# Serving MLflow models

Out of the box, MLServer supports the deployment and serving of MLflow models with the following features:

- Loading of MLflow Model artifacts.
- Support of dataframes, dict-of-tensors and tensor inputs.

In this example, we will showcase some of this features using an example model.

In [38]:
from IPython.core.magic import register_line_cell_magic

@register_line_cell_magic
def writetemplate(line, cell):
    with open(line, 'w') as f:
        f.write(cell.format(**globals()))

## Training

The first step will be to train and serialise a MLflow model.
For that, we will use the [linear regression examle from the MLflow docs](https://www.mlflow.org/docs/latest/tutorials-and-examples/tutorial.html).

In [2]:
# %load src/train.py
# Original source code and more details can be found in:
# https://www.mlflow.org/docs/latest/tutorials-and-examples/tutorial.html

# The data set used in this example is from http://archive.ics.uci.edu/ml/datasets/Wine+Quality
# P. Cortez, A. Cerdeira, F. Almeida, T. Matos and J. Reis.
# Modeling wine preferences by data mining from physicochemical properties. In Decision Support Systems, Elsevier, 47(4):547-553, 2009.

import os
import warnings
import sys

import pandas as pd
import numpy as np
from sklearn.metrics import mean_squared_error, mean_absolute_error, r2_score
from sklearn.model_selection import train_test_split
from sklearn.linear_model import ElasticNet
from urllib.parse import urlparse
import mlflow
import mlflow.sklearn

import logging

logging.basicConfig(level=logging.WARN)
logger = logging.getLogger(__name__)


def eval_metrics(actual, pred):
    rmse = np.sqrt(mean_squared_error(actual, pred))
    mae = mean_absolute_error(actual, pred)
    r2 = r2_score(actual, pred)
    return rmse, mae, r2


if __name__ == "__main__":
    warnings.filterwarnings("ignore")
    np.random.seed(40)

    # Read the wine-quality csv file from the URL
    csv_url = "http://archive.ics.uci.edu/ml/machine-learning-databases/wine-quality/winequality-red.csv"
    try:
        data = pd.read_csv(csv_url, sep=";")
    except Exception as e:
        logger.exception(
            "Unable to download training & test CSV, check your internet connection. Error: %s",
            e,
        )

    # Split the data into training and test sets. (0.75, 0.25) split.
    train, test = train_test_split(data)

    # The predicted column is "quality" which is a scalar from [3, 9]
    train_x = train.drop(["quality"], axis=1)
    test_x = test.drop(["quality"], axis=1)
    train_y = train[["quality"]]
    test_y = test[["quality"]]

    alpha = float(sys.argv[1]) if len(sys.argv) > 1 else 0.5
    l1_ratio = float(sys.argv[2]) if len(sys.argv) > 2 else 0.5

    with mlflow.start_run():
        lr = ElasticNet(alpha=alpha, l1_ratio=l1_ratio, random_state=42)
        lr.fit(train_x, train_y)

        predicted_qualities = lr.predict(test_x)

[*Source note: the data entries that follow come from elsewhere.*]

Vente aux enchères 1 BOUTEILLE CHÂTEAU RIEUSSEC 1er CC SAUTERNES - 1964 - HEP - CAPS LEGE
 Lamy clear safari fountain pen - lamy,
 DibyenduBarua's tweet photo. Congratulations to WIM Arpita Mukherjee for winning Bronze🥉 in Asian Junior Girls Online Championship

        (rmse, mae, r2) = eval_metrics(test_y, predicted_qualities)

        print("Elasticnet model (alpha=%f, l1_ratio=%f):" % (alpha, l1_ratio))
        print("  RMSE: %s" % rmse)
        print("  MAE: %s" % mae)
        print("  R2: %s" % r2)

        mlflow.log_param("alpha", alpha)
        mlflow.log_param("l1_ratio", l1_ratio)
        mlflow.log_metric("rmse", rmse)
        mlflow.log_metric("r2", r2)
        mlflow.log_metric("mae", mae)

        tracking_url_type_store = urlparse(mlflow.get_tracking_uri()).scheme

        # Model registry does not work with file store
        if tracking_url_type_store != "file":

            # Register the model
            # There are other ways to use the Model Registry, which depends on the use case,
            # please refer to the doc for more information:
            # https://mlflow.org/docs/latest/model-registry.html#api-workflow
            mlflow.sklearn.log_model(
                lr, "model", registered_model_name="ElasticnetWineModel"
            )
        else:
            mlflow.sklearn.log_model(lr, "model")


In [3]:
!python src/train.py

Elasticnet model (alpha=0.500000, l1_ratio=0.500000):
  RMSE: 0.7931640229276851
  MAE: 0.6271946374319586
  R2: 0.10862644997792614


The training script will also serialise our trained model, leveraging the [MLflow Model format](https://www.mlflow.org/docs/latest/models.html).
By default, we should be able to find the saved artifact under the `mlruns` folder.

In [19]:
[experiment_file_path] = !ls -td ./mlruns/0/* | head -1
model_path = os.path.join(experiment_file_path, "artifacts", "model")
print(model_path)

./mlruns/0/7bb8825ef42d4ae992ab17dc419b9c0a/artifacts/model


In [20]:
!ls {model_path} 

conda.yaml  MLmodel  model.pkl


## Serving

Now that we have trained and serialised our model, we are ready to start serving it.
For that, the initial step will be to set up a `model-settings.json` that instructs MLServer to load our artifact using the MLflow Inference Runtime.

In [43]:
%%writetemplate ./model-settings.json
{{
    "name": "wine-classifier",
    "implementation": "mlserver_mlflow.MLflowRuntime",
    "parameters": {{
        "uri": "{model_path}"
    }}
}}

Now that we have our config in-place, we can start the server by running `mlserver start .`. This needs to either be ran from the same directory where our config files are or pointing to the folder where they are.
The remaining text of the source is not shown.